PROBLEM REQUIREMENTS
Lines from the beginning of the material below through the line that has "AeroPress coffee maker" are to be reproduced exactly, but pictures are not.

Start of Block

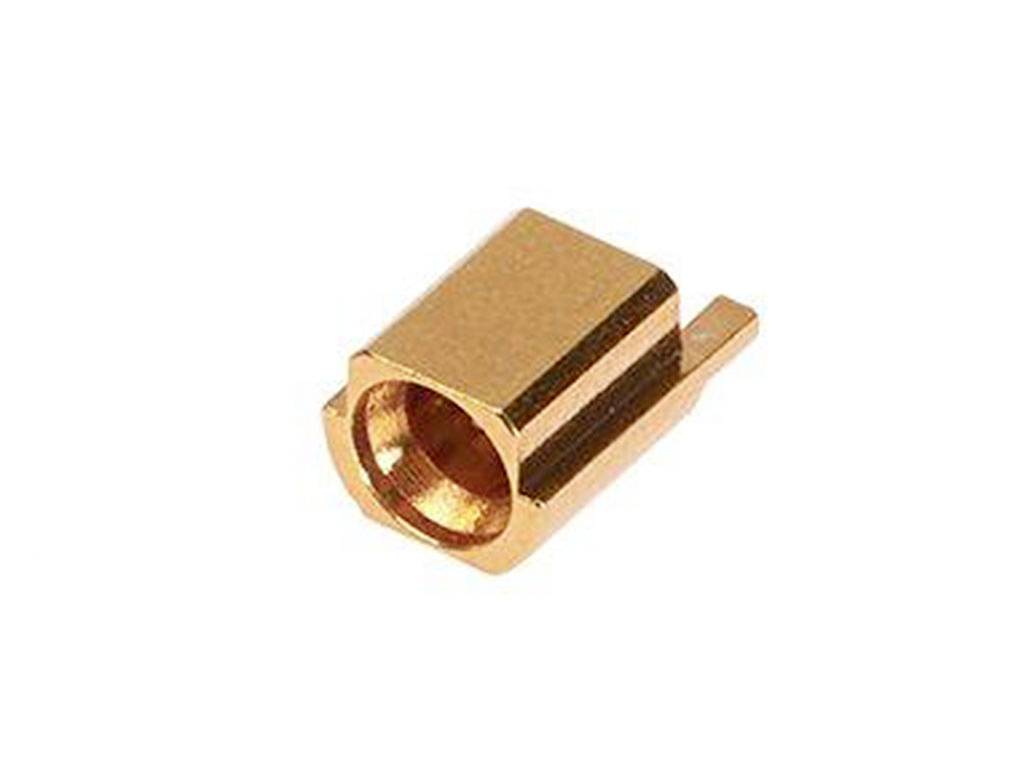 Eine kleine, rechteckige, goldene Metallhülse mit einer zylindrischen Öffnung und einem flachen, seitlichen Vorsprung.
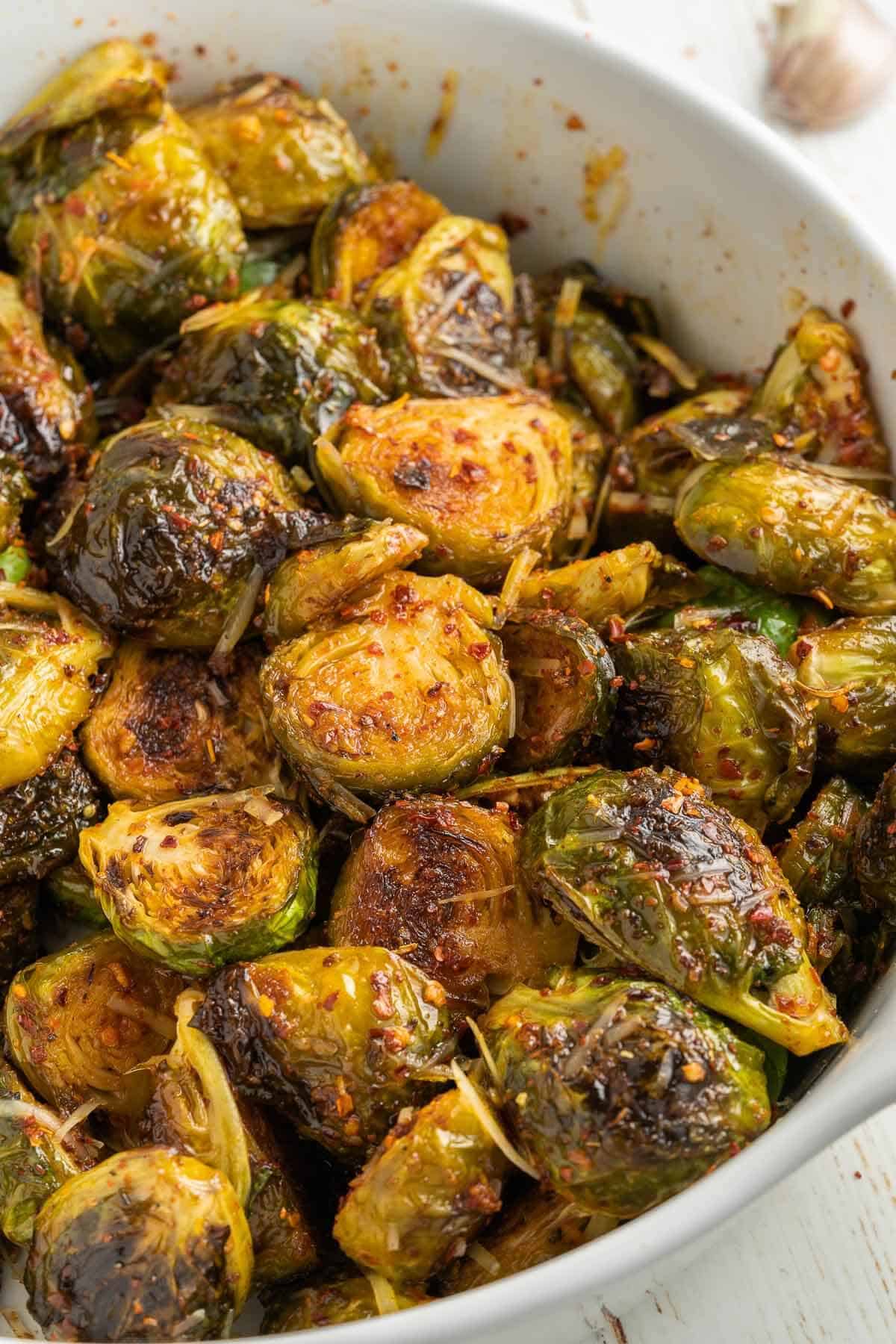 close up of garlic roasted brussel sprouts with parmesan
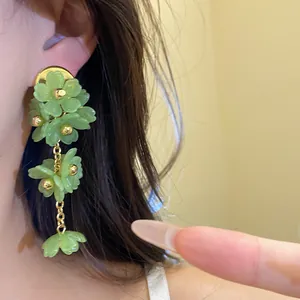 Close-up of green acrylic flower fringe earrings worn on model's ear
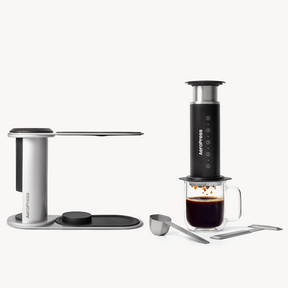 AeroPress coffee maker with a glass of coffee and accessories on a white background  #color_black
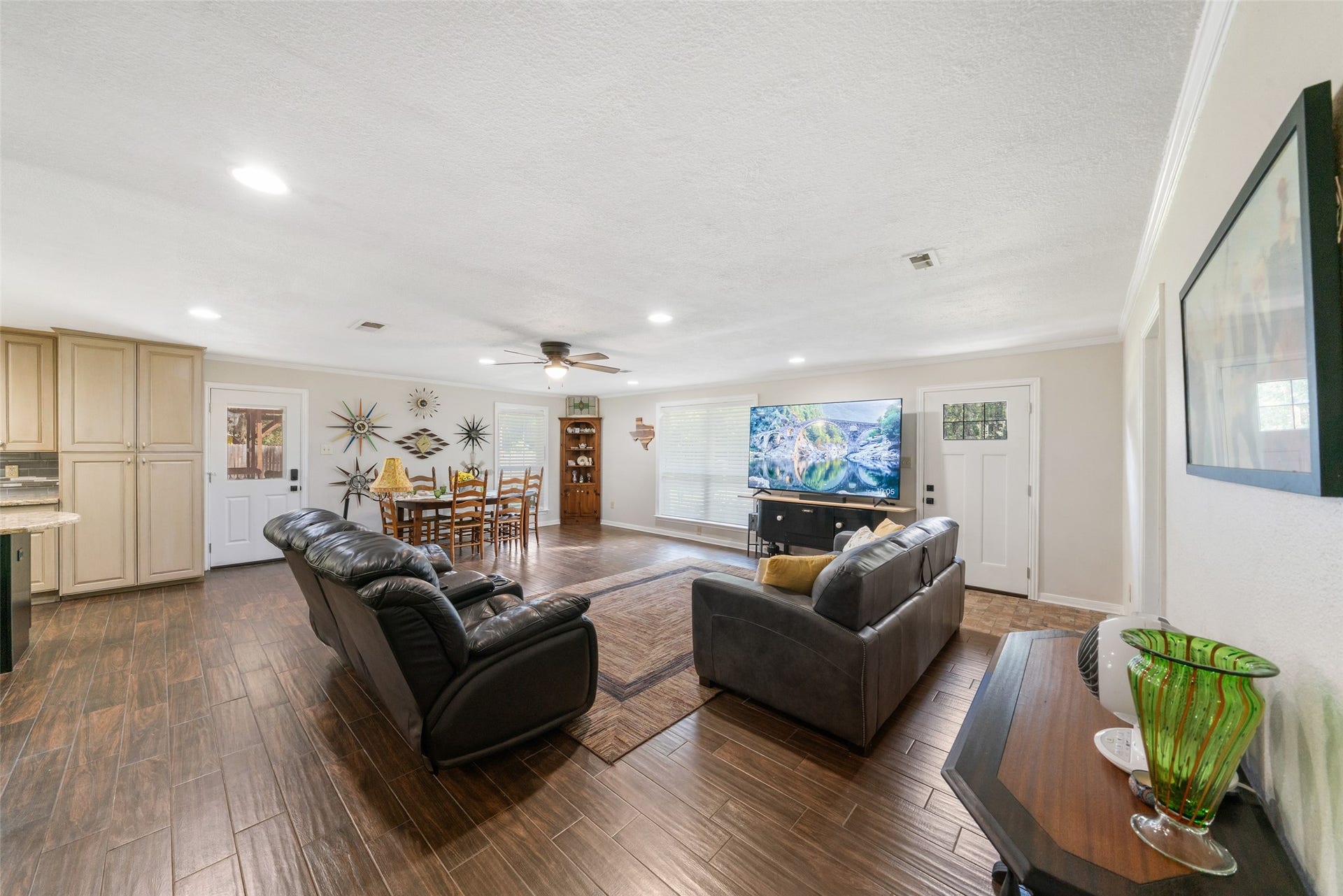 Another beautiful angle of this living and dining space, it truly shines from every viewpoint. The picturesque windows pour in natural light, enhancing the warm, open feel of the room. The new front door with its window inset adds a welcoming touch the moment you step inside, tying perfectly into the bright, airy flow of the home.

End of Block

FINISHED TASK
 Eine kleine, rechteckige, goldene Metallhülse mit einer zylindrischen Öffnung und einem flachen, seitlichen Vorsprung.
 close up of garlic roasted brussel sprouts with parmesan
 Close-up of green acrylic flower fringe earrings worn on model's ear
 AeroPress coffee maker with a glass of coffee and accessories on a white background  #color_black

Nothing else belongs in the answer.